*** Available data ***

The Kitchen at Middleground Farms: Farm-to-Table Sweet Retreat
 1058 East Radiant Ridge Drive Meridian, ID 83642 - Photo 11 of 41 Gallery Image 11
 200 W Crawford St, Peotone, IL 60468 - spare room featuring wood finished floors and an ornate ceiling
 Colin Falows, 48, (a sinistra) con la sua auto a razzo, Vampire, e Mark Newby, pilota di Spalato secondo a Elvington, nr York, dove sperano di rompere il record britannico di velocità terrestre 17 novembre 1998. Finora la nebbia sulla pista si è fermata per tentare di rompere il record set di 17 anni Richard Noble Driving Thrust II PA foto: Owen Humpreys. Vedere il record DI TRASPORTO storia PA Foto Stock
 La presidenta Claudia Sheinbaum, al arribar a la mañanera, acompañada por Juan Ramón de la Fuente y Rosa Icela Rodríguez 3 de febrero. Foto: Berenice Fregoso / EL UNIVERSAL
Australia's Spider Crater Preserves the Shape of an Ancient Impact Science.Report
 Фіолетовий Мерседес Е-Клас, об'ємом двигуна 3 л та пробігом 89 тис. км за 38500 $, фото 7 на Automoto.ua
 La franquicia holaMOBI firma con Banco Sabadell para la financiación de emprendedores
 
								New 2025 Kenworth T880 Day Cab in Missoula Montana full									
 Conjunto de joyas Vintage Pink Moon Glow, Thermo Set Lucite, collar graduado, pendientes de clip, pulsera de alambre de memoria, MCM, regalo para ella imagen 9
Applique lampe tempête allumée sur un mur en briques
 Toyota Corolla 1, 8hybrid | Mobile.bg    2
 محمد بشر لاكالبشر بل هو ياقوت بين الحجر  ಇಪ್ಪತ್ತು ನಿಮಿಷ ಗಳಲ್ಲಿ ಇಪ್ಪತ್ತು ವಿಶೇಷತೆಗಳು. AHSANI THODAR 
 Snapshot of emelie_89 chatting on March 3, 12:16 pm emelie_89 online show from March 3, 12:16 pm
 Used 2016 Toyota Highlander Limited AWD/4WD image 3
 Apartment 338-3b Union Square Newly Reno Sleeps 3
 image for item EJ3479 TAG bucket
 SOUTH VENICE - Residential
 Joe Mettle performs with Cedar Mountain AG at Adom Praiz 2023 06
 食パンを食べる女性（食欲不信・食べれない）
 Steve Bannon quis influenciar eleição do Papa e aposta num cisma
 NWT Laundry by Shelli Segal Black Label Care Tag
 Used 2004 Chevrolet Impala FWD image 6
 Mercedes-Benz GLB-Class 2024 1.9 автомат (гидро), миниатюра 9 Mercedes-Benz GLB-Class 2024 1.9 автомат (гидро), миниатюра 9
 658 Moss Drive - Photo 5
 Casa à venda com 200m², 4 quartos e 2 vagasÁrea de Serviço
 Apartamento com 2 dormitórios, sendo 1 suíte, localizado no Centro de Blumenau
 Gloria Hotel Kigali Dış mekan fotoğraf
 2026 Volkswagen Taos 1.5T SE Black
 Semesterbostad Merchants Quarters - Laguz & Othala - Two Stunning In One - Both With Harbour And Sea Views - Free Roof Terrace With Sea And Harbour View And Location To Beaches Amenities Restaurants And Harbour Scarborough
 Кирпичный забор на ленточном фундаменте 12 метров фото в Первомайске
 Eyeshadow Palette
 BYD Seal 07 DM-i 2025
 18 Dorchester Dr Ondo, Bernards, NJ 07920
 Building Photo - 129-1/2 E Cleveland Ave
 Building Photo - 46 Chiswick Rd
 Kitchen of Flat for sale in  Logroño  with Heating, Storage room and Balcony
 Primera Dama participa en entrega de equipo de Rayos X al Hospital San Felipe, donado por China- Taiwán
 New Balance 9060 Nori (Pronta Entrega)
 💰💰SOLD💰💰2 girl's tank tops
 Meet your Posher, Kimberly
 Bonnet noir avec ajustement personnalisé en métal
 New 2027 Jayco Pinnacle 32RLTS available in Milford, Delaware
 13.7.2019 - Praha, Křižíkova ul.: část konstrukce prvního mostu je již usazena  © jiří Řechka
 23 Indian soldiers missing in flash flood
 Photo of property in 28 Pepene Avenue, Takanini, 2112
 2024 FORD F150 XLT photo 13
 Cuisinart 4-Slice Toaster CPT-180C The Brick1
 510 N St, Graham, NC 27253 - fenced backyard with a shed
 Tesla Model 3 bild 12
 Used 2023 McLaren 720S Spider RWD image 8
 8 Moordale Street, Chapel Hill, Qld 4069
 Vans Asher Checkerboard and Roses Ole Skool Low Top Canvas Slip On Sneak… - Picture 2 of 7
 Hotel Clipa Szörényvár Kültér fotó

*** End of Available data ***

◆ **What to work on**
The answer must be the full listing, returned exactly as given.

◆ **Problem solution**
The Kitchen at Middleground Farms: Farm-to-Table Sweet Retreat
 1058 East Radiant Ridge Drive Meridian, ID 83642 - Photo 11 of 41 Gallery Image 11
 200 W Crawford St, Peotone, IL 60468 - spare room featuring wood finished floors and an ornate ceiling
 Colin Falows, 48, (a sinistra) con la sua auto a razzo, Vampire, e Mark Newby, pilota di Spalato secondo a Elvington, nr York, dove sperano di rompere il record britannico di velocità terrestre 17 novembre 1998. Finora la nebbia sulla pista si è fermata per tentare di rompere il record set di 17 anni Richard Noble Driving Thrust II PA foto: Owen Humpreys. Vedere il record DI TRASPORTO storia PA Foto Stock
 La presidenta Claudia Sheinbaum, al arribar a la mañanera, acompañada por Juan Ramón de la Fuente y Rosa Icela Rodríguez 3 de febrero. Foto: Berenice Fregoso / EL UNIVERSAL
Australia's Spider Crater Preserves the Shape of an Ancient Impact Science.Report
 Фіолетовий Мерседес Е-Клас, об'ємом двигуна 3 л та пробігом 89 тис. км за 38500 $, фото 7 на Automoto.ua
 La franquicia holaMOBI firma con Banco Sabadell para la financiación de emprendedores
 
								New 2025 Kenworth T880 Day Cab in Missoula Montana full									
 Conjunto de joyas Vintage Pink Moon Glow, Thermo Set Lucite, collar graduado, pendientes de clip, pulsera de alambre de memoria, MCM, regalo para ella imagen 9
Applique lampe tempête allumée sur un mur en briques
 Toyota Corolla 1, 8hybrid | Mobile.bg    2
 محمد بشر لاكالبشر بل هو ياقوت بين الحجر  ಇಪ್ಪತ್ತು ನಿಮಿಷ ಗಳಲ್ಲಿ ಇಪ್ಪತ್ತು ವಿಶೇಷತೆಗಳು. AHSANI THODAR 
 Snapshot of emelie_89 chatting on March 3, 12:16 pm emelie_89 online show from March 3, 12:16 pm
 Used 2016 Toyota Highlander Limited AWD/4WD image 3
 Apartment 338-3b Union Square Newly Reno Sleeps 3
 image for item EJ3479 TAG bucket
 SOUTH VENICE - Residential
 Joe Mettle performs with Cedar Mountain AG at Adom Praiz 2023 06
 食パンを食べる女性（食欲不信・食べれない）
 Steve Bannon quis influenciar eleição do Papa e aposta num cisma
 NWT Laundry by Shelli Segal Black Label Care Tag
 Used 2004 Chevrolet Impala FWD image 6
 Mercedes-Benz GLB-Class 2024 1.9 автомат (гидро), миниатюра 9 Mercedes-Benz GLB-Class 2024 1.9 автомат (гидро), миниатюра 9
 658 Moss Drive - Photo 5
 Casa à venda com 200m², 4 quartos e 2 vagasÁrea de Serviço
 Apartamento com 2 dormitórios, sendo 1 suíte, localizado no Centro de Blumenau
 Gloria Hotel Kigali Dış mekan fotoğraf
 2026 Volkswagen Taos 1.5T SE Black
 Semesterbostad Merchants Quarters - Laguz & Othala - Two Stunning In One - Both With Harbour And Sea Views - Free Roof Terrace With Sea And Harbour View And Location To Beaches Amenities Restaurants And Harbour Scarborough
 Кирпичный забор на ленточном фундаменте 12 метров фото в Первомайске
 Eyeshadow Palette
 BYD Seal 07 DM-i 2025
 18 Dorchester Dr Ondo, Bernards, NJ 07920
 Building Photo - 129-1/2 E Cleveland Ave
 Building Photo - 46 Chiswick Rd
 Kitchen of Flat for sale in  Logroño  with Heating, Storage room and Balcony
 Primera Dama participa en entrega de equipo de Rayos X al Hospital San Felipe, donado por China- Taiwán
 New Balance 9060 Nori (Pronta Entrega)
 💰💰SOLD💰💰2 girl's tank tops
 Meet your Posher, Kimberly
 Bonnet noir avec ajustement personnalisé en métal
 New 2027 Jayco Pinnacle 32RLTS available in Milford, Delaware
 13.7.2019 - Praha, Křižíkova ul.: část konstrukce prvního mostu je již usazena  © jiří Řechka
 23 Indian soldiers missing in flash flood
 Photo of property in 28 Pepene Avenue, Takanini, 2112
 2024 FORD F150 XLT photo 13
 Cuisinart 4-Slice Toaster CPT-180C The Brick1
 510 N St, Graham, NC 27253 - fenced backyard with a shed
 Tesla Model 3 bild 12
 Used 2023 McLaren 720S Spider RWD image 8
 8 Moordale Street, Chapel Hill, Qld 4069
 Vans Asher Checkerboard and Roses Ole Skool Low Top Canvas Slip On Sneak… - Picture 2 of 7
 Hotel Clipa Szörényvár Kültér fotó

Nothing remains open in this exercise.